Dr. Roberto Betancourt A.

La alquimia es una antigua rama de la filosofía natural que se practicó históricamente y que entre sus objetivos más comunes se incluía la transmutación a través del uso de la piedra filosofal de los “metales comunes” (como el plomo) en “metales nobles” (sobre todo el oro); la creación de un elixir de la inmortalidad; y la creación de panaceas capaces de curar cualquier enfermedad.

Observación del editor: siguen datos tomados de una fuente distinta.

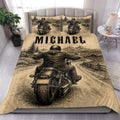 Biker duvet cover set displayed on a bed with vintage motorcycle and mountain road artwork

Es probable que el lector asocie esta ancestral práctica con míticos y desconocidos científicos locos dedicados a estas tareas en espacios secretos, oscuros, de esos que recuerda la obra de Robert Louis Stevenson en “El extraño caso del doctor Jekyll y el señor Hyde”. Sin embargo, los trabajos en esta materia se cuentan por miles durante el Renacimiento y principios de la Edad Moderna, entre ellos se cuenta a Leonardo Da Vinci. Eran estudios bastante serios, pero (efectivamente) descritos sin ser apropiadamente reproducibles o transferibles, como hoy la ciencia demanda.

Una de las figuras más notables relacionadas con la piedra filosofal es Sir Isaac Newton, de quien estamos próximos a celebrar su nacimiento. Nació, bien en Navidad, el 25 de diciembre de 1642 (según el calendario juliano, en uso en aquel momento) o el 4 de enero de 1643 (según el actual calendario gregoriano).

Newton tenía una de las mentes más racionales de la historia de la humanidad. Su mente no se parecía a ninguna otra y le permitió desarrollar leyes fundamentales; a los 26 años enunció importantes aportes al cálculo en menos tiempo del que tarda la mayoría de la gente en aprenderlo.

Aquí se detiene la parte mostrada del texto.